Answers to some anticipated questions are available below. Please reach out to
euler-...@engr.wisc.edu if you have further questions or concerns.
Regards,
Colin Vanden Heuvel
Why is this needed?
Some of you may have already discovered this, but there are a number of nodes (about ⅓ of the cluster) are running a different operating system than the login nodes. This was the result of a critical firmware bug on certain hardware configurations which rendered
it incompatible with the update. For security reasons, we couldn't revert to the old configuration and a second "fallback" operating system was chosen instead.
The mismatched configurations have, predictably, caused a lot of problems.

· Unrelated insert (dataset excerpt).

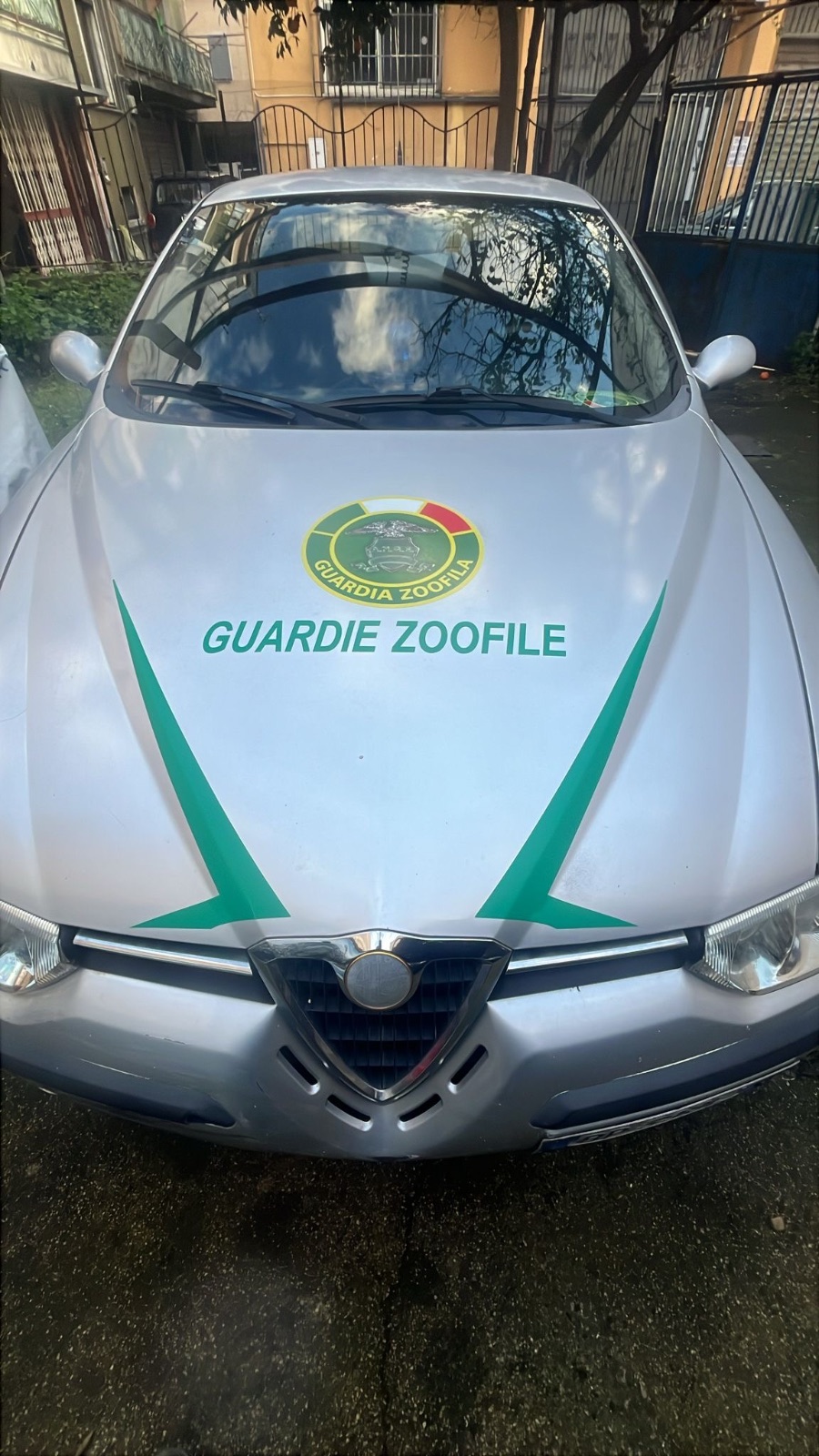 Le auto di servizio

That is why we've been working diligently over the last month to find a new platform which is more stable than the current one.

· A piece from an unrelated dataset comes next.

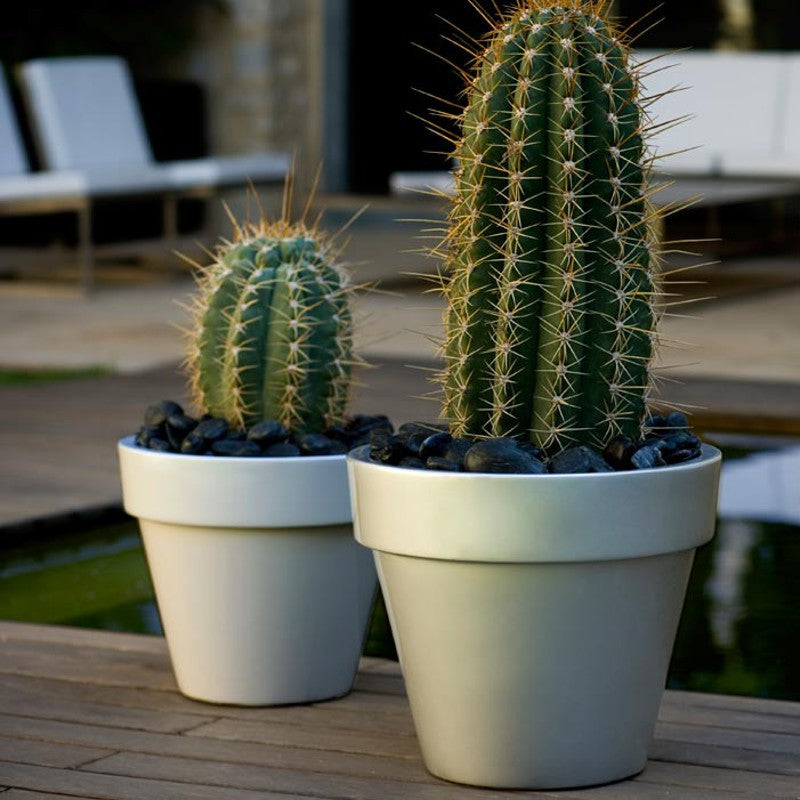 PLANTER Pot Design with Matt Finish by Vondom. Perfect Bar Deco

When will this take effect?
This configuration will be deployed in a rolling update to all Euler nodes in mid-August (probably the week of August 11th, exact date TBA). It will not require the same amount of downtime as previous maintenance periods, and thanks to the cooperation of hardware
owners, some nodes will already be configured and ready to go in advance of the deadline.
How can users prepare for the change?
Please test your software before the deadline by running some jobs on the
research-ng partition (i.e.
#SBATCH -p research-ng). If you run into any problems, let us know at
euler-...@engr.wisc.edu so we can figure out what needs to be fixed before the full deployment in August. If you don't run into any problems, or if the update fixes a problem found
in the current generation of Euler software, we'd love to know that as well.

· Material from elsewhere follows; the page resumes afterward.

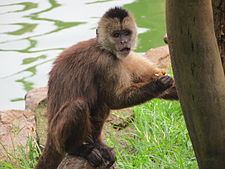 Wedge-capped capuchin Wedgecapped capuchin Wikipedia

Also, if you are a member of a lab which owns hardware on Euler, please have your PI reach out to volunteer one or more of your nodes for the beta test. If we have enough participation, we will be able to roll out the new configuration with just a few minutes
of downtime next month.
What is changing from the current generation to the next?
Euler currently uses Fedora 42, which serves as an upstream testbed for RedHat Enterprise Linux (RHEL). This provides us with cutting-edge hardware support and access to the most recent software features. However, Fedora requires frequent major upgrades which
can have breaking consequences as we saw in this year's Spring Maintenance.
The next-gen version is built on openSUSE Leap 15.6, which derives its source code from Suse Linux Enterprise (SLE) and the Suse community's testbed distribution, openSUSE Tumbleweed. Unlike RedHat variants, Leap supports a vast number of official and unofficial
backports from Tumbleweed, allowing it to accommodate new hardware and software while still maintaining the security and stability of a long-term support Linux distribution.
A number of system packages are likely to change versions as a result of this change. Some will be newer than the current version and some older, depending on whether recent updates have been backported to openSUSE Leap. Notably, the default compiler and python
versions will be much older than what are available on Fedora, but several alternative versions will be installed in parallel with the default, allowing compatibility with a wider variety of software. The ability to maintain multiple toolchains at once, and
for a longer amount of time, will also obviate the need to rebuild user software each year.